Ко дню рождения Трумена Капоте

Голливуд полюбил Капоте. Около двадцати картин сняты на его сюжеты. И понятно почему. Он писал отчетливо, ясно и так, что щемит сердце. Думаю, поэтому, впервые прочитав его ранние книги в СССР, мы сразу приняли Капоте за своего. Для отечественных читателей он попал на ту заветную полку, где стояли “Над пропастью во ржи” Сэлинджера и “Убить пересмешника” Харпер Ли.

Характерно, что его лучшие опусы, как и вышеупомянутые книги, написаны от лица детей, подростков. Эта общая черта исповедальной американской прозы.

Хемингуэй сказал, что собственно американскую литературу начал Марк Твен. Это значит, что своим голосом Америка заговорила в “Приключениях Гекльберри Финна”, и голос этот принадлежал беспризорному мальчишке. Молодая страна перестала подражать опытному и ученому континенту, прекратила стесняться своей взъерошенной юности и стала сама собой. Эту традицию подхватили любимые писатели, включая самого ранимого – Трумена Капоте.

В первом романе, принесшем ему славу, “Другие голоса, другие комнаты” Капоте дает портрет героя, в котором нельзя не узнать автора: “Редклиф поглядел на мальчика поверх стакана, и мальчик ему не очень понравился. Уж больно он был хорошенький, хрупкий и белокожий… Усталое, умоляющее выражение застыло на его худом лице, и плечи сутулились не по-детски”.

В сущности, таким Капоте и остался: обиженным ребенком, который не мог найти себе надежного места в жизни.
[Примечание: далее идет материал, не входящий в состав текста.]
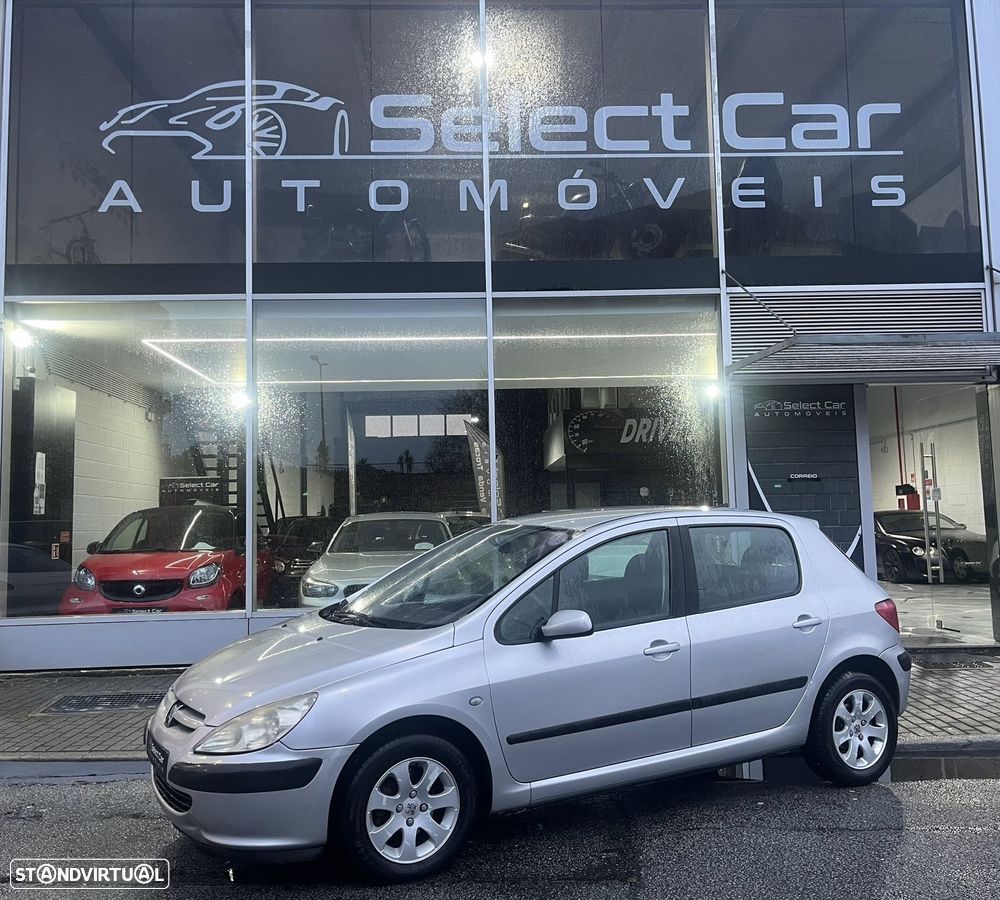 Peugeot 307 1.4 HDi XS - 1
Тем удивительней, что обуреваемый комплексами, напуганный жизнью автор сумел написать чуть ли не самую честную и страшную книгу своего поколения – “Обыкновенное убийство”.

30 сентября

К Международному Дню переводчика

Если мы хотим понять другой язык, народ, его идеал и культуру, то должны прочесть чужих поэтов, ибо поэзия – от Гомера до “Битлз” – спецхран сгущенной словесной материи. Рифма, ритм и грамматика меняют онтологический статус речи. То, что в прозе – факт, в стихах – истина, тающая в переводе.

– Но поэзия, – отрезал Фрост, – все, что утрачено в переводе.

Отсюда следует, что, лишь пытаясь перевести стихотворение, мы понимаем, что, собственно, делает его непереводимым. Я задумался об этом благодаря Пушкину, которому за границей приходится тяжелее всех русских гениев. Когда я услышал “Онегина” на английском, мне показалось, что декламатор перепутал тексты. Пушкинские стихи звучали, как пушкинские же письма: легкая, элегантная, остроумная проза. И это значит, что самый усердный перевод не способен (в чем всех убедил Набоков) передать на чужом языке ту недоступную толкованию простоту, за которую Пушкина боготворят русские. Для нас Пушкин упразднял границу, выделявшую Россию, но чужеземцу он (по обидному выражению, встречающемуся у того же Набокова) казался “русским шампанским”. Из-за этого тайна Пушкина по-прежнему остается достоянием избранных иностранцев. В Нью-Йорке, скажем, его знают в Гарлеме.